PROBLEM TO WORK ON
There is a line containing "Arany Szív Medál AU 90357" in the records below. Repeat it and every line after it, exactly, through the final line, but no pictures.

[Brief descriptive captions]
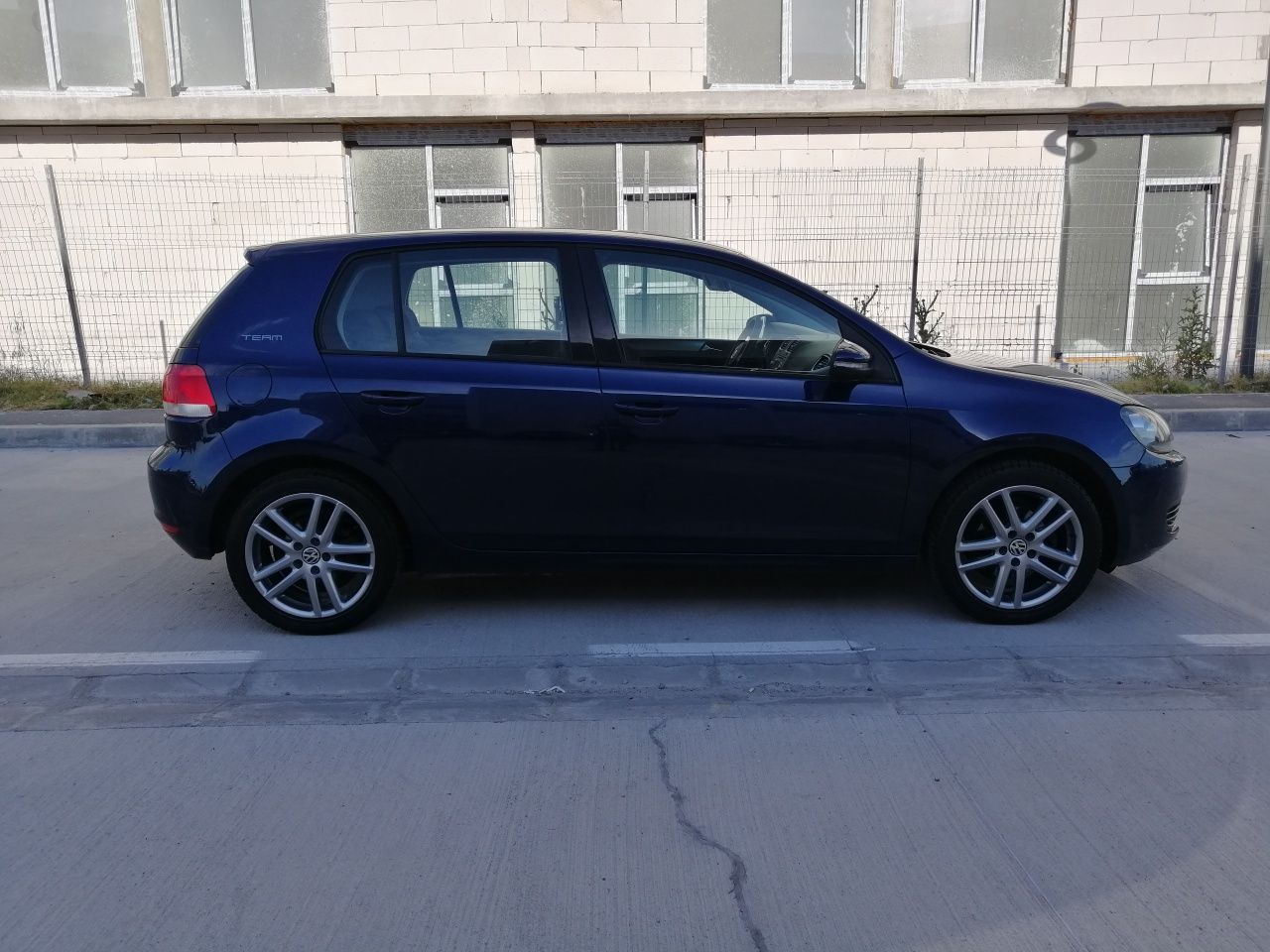 Golf 6 Team 1.6 MPI 102CP BENZINA EURO 5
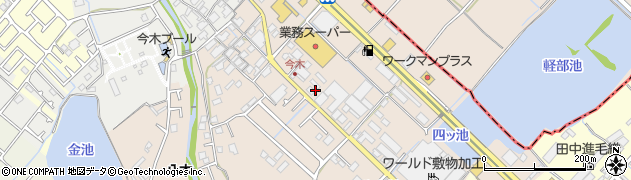 新日本産業周辺の地図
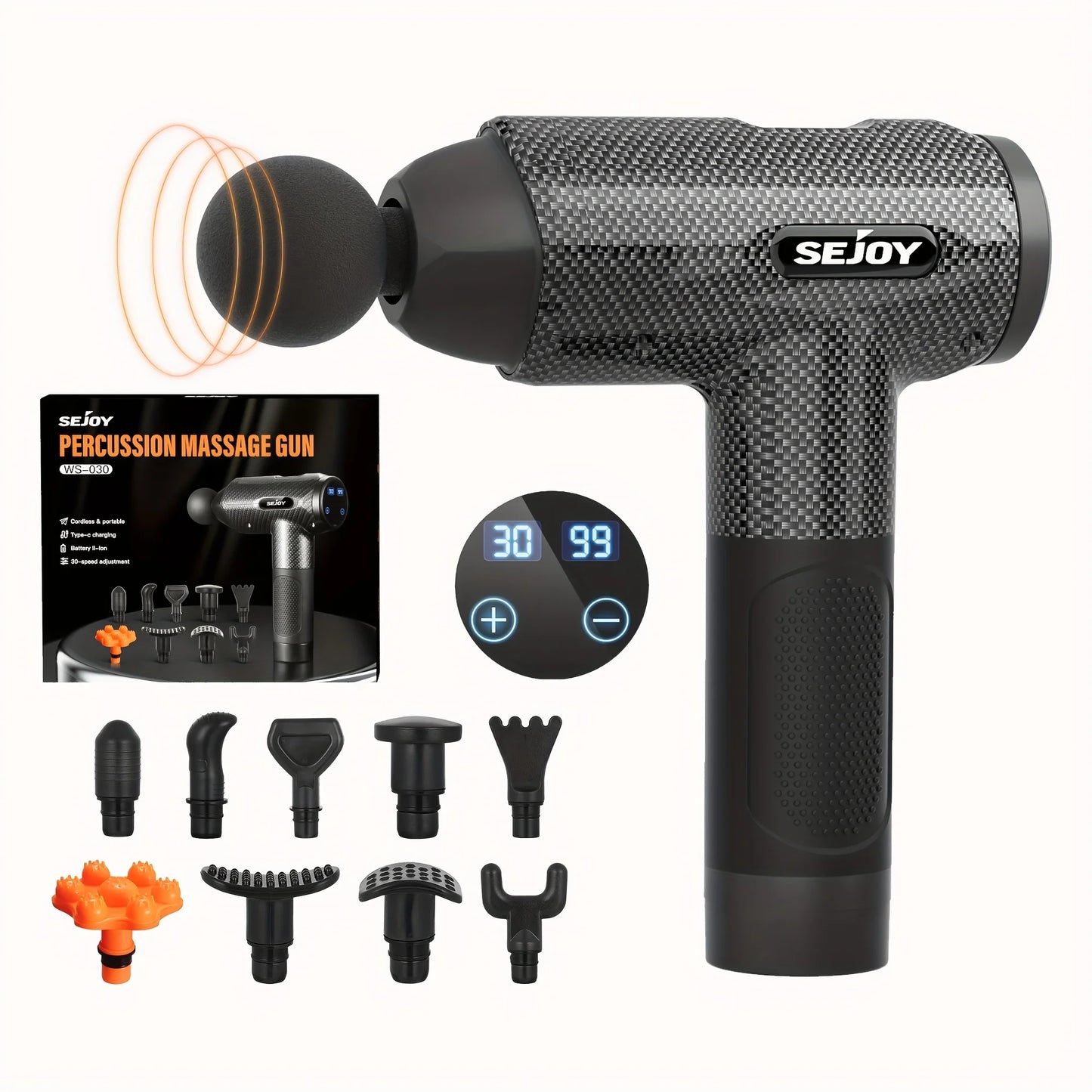 Deep Tissue Percussion Muscle Relax Massager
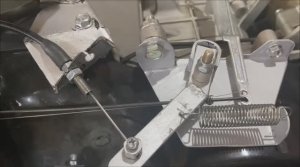 ТАЙГА-500 с ЛИФАН 20 ч.8 Возврат Центробежнога регулятора+ легкий газ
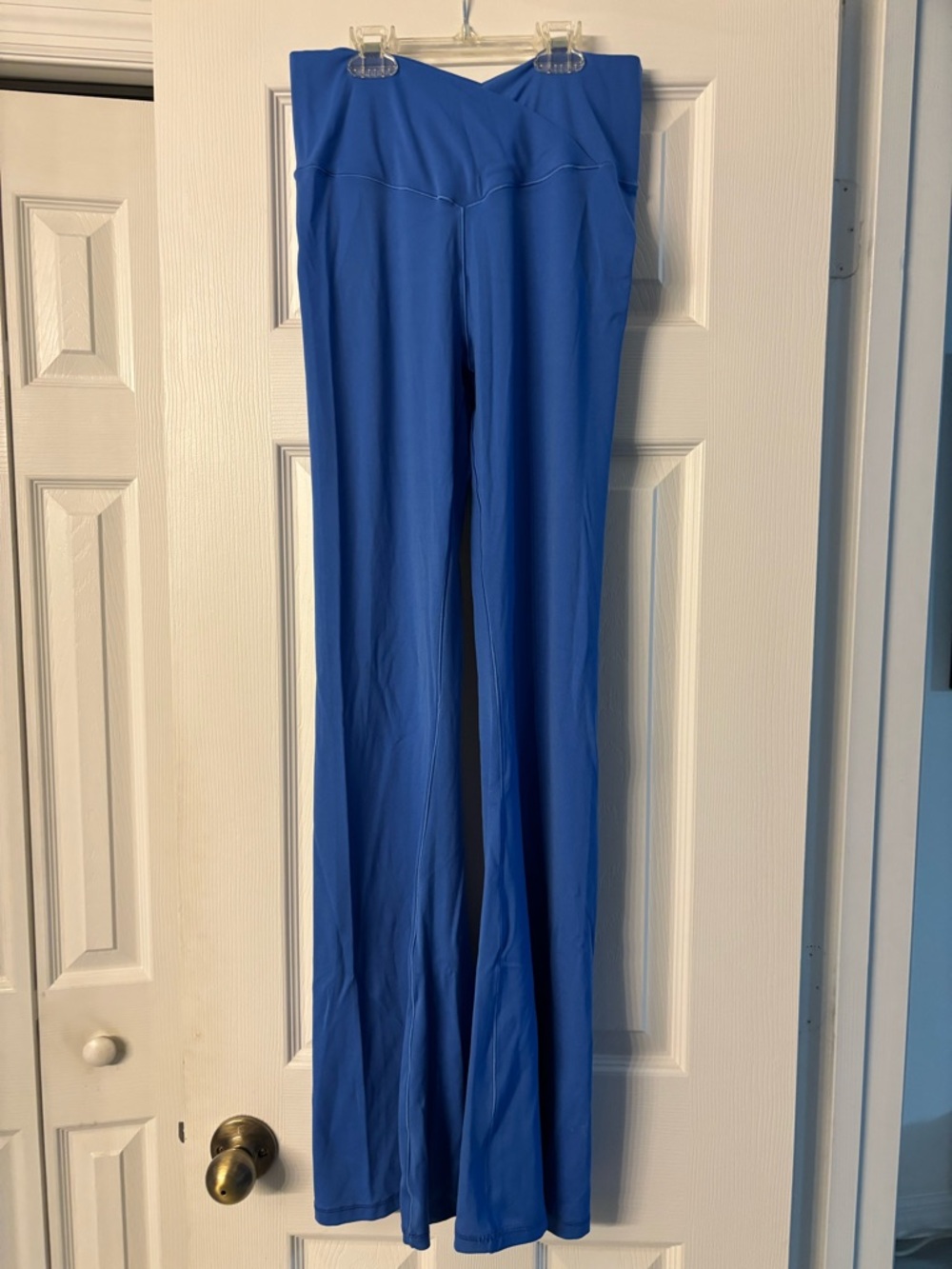 Aerie Royal Blue flared leggings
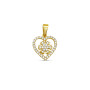 Arany Szív Medál AU 90357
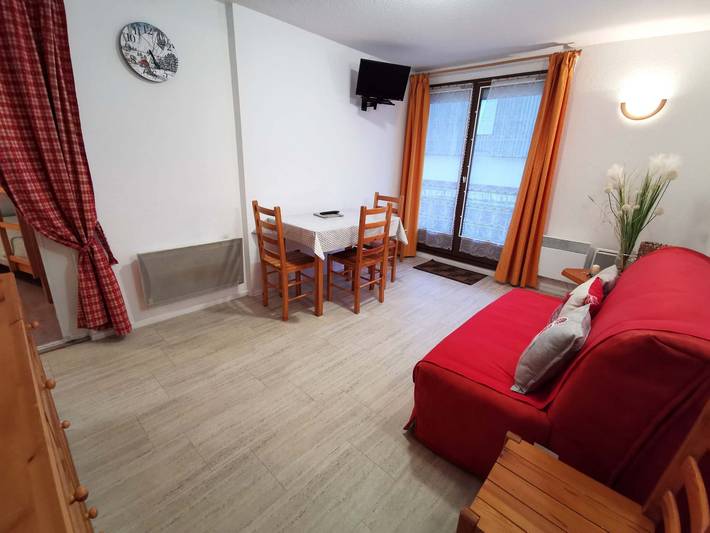 Gîte pour 7 personnes, avec balcon dans Prapoutel - 3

SOLUTION BELOW
 Arany Szív Medál AU 90357
 Gîte pour 7 personnes, avec balcon dans Prapoutel - 3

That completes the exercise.